At length, having overcome all obstacles, Columbus set sail with a fleet of three ships on the 3rd of August, 1492, on his unprecedented and perilous voyage.
The ordinary difficulties which might be expected to occur in so novel and precarious an adventure were seriously aggravated by the alarming discovery of the variation of the needle, as well as by the mutinous behavior of his crew; and his life was upon the point of being sacrificed to their impatience, when the fortunate appearance of land, on the morning of the 12th October, converted their indignation into compunction, and their despondency into unbounded joy.
The following is an extract from the Diary of Columbus, describing the event: —
Thursday, October 11th  Sailed W.S.W. Had much sea [more than they had had in the whole voyage]. Saw some pardelas and a green rush close to the ship.
The sailors of the caravel Pinta saw a reed and a stick, and they picked up another small bit of wood, carved apparently with an iron tool, also a piece of cane, some other fragments of land vegetation and a small board.
The sailors of the caravel Nina also saw some signs of land, and a small piece of wood covered with dog-roses.
At these indications they drew in their breath and were all full of gladness.
That day they made twenty-six leagues before sunset. After sunset, sailed the original course to the westward, made twelve miles an hour, and by two o’clock after midnight they had made ninety miles, i. e. twenty-two leagues and a half; and as the caravel Pinta was the best sailor and was in advance of the admiral, she found the land and made the signals that the admiral had commanded.
The land was first seen by a sailor named Rodrigo de Triana; for at ten o’clock at night, the admiral while standing on the quarter-deck saw a light, although it was so indistinct that he would not say with certainty that it was land; but he called to Pero Gutierrez, the king’s groom of the chambers, and told him there was a light in sight, and desired him to look out, and so he did, and saw it.
He also spoke of it to Rodrigo Sanchez of Segovia who had been sent out as supervisor by the king and queen; but he not being in a good position for seeing, saw nothing.
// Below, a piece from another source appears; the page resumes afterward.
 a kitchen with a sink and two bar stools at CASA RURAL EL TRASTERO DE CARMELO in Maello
After the admiral had mentioned it, it was observed once or twice.
It was like a small wax candle, which was lifted up from time to time, which few would take to be a sign of land, but the admiral held it for certain that land was close by.
After the Salve, which all the sailors were in the habit of saying and singing in their own fashion, while they were all assembled, the admiral begged and admonished them to keep a good look-out for land from the bows, and promised an immediate present of a silk doublet to him who should first call out that he saw land, besides the reward that had been promised by the sovereigns; viz. an annuity of ten thousand maravedis to him who first saw land.
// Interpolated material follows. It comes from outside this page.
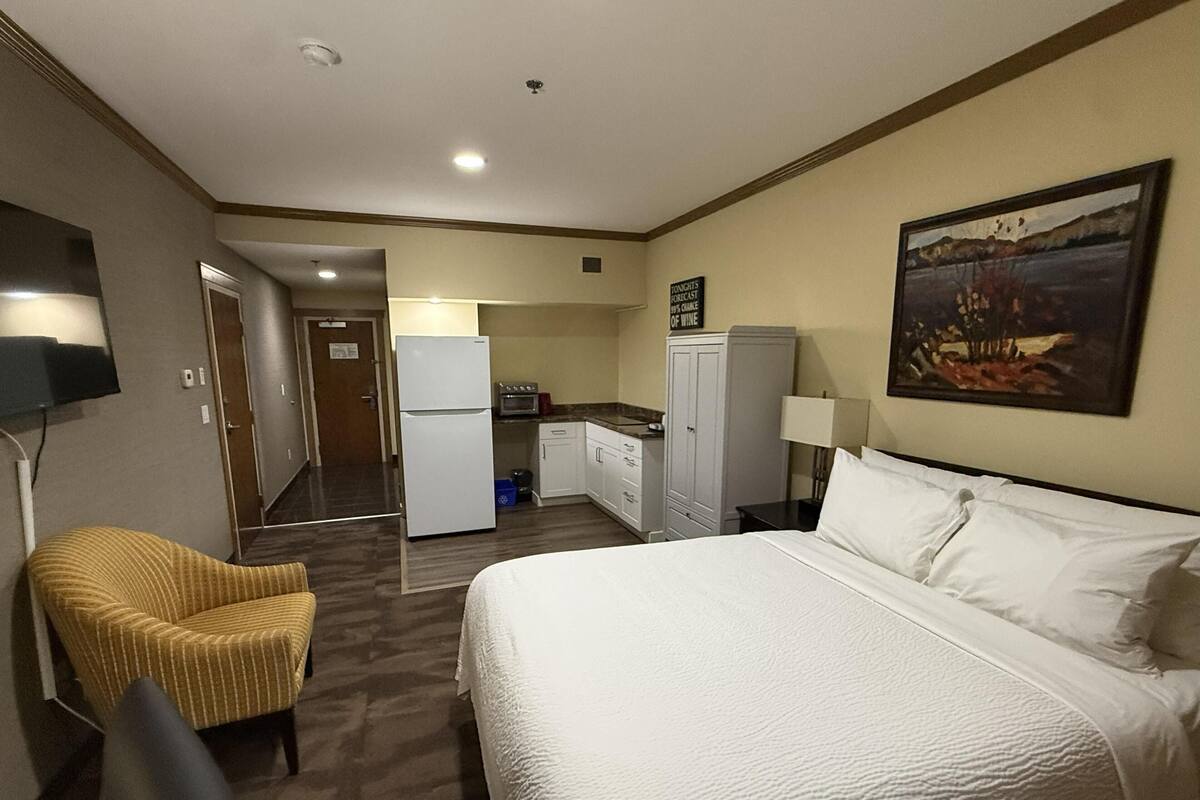 A hotel room with a bed, a chair, a kitchenette, and a painting on the wall.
At two o’clock after midnight the land appeared at two leagues’ distance.
They struck all sail except the storm square-sail, without topsails; and they lay to until Friday the 12th of October, when they reached a small island of the Lucayos [the Bahamas] which was called in the Indian language Guanahani.
Presently the people came towards us. They were quite naked. The admiral went on shore in an armed barge and took possession of the island for the king and queen.
Columbus named this island San Salvador, in honor of the Savior.
For centuries it was supposed to be identical with Cat Island, but it has been recently proved to be Watling’s Island, to the south-east of Cat Island.
In this first voyage the discovery was made of the islands of St. Salvador, Santa Maria de la Concepcion, Exuma, Isabella, Cuba, Bohio, the Archipelago off the south coast of Cuba, called by Columbus the Jardin del Rey, or King’s Garden, the islands of St. Catherine and Hispaniola.
On this latter Columbus erected the fortress of La Navidad, and established a colony.
He set sail on his return voyage on the 16th January, 1493, and, after suffering severely from a storm and a wearisome struggle with the trade-winds, arrived on the 15th of March at the little port of Palos, from whence he had sailed on the 3rd of August in the preceding year.
His reception in Spain was such as the grandeur and dignity of his unrivalled achievement deserved, and his entrance into Barcelona was scarcely inferior to a Roman triumph.
The Columbus Commemorative Gold Five-Dollar Coin shows with an image of him looking for land in the night.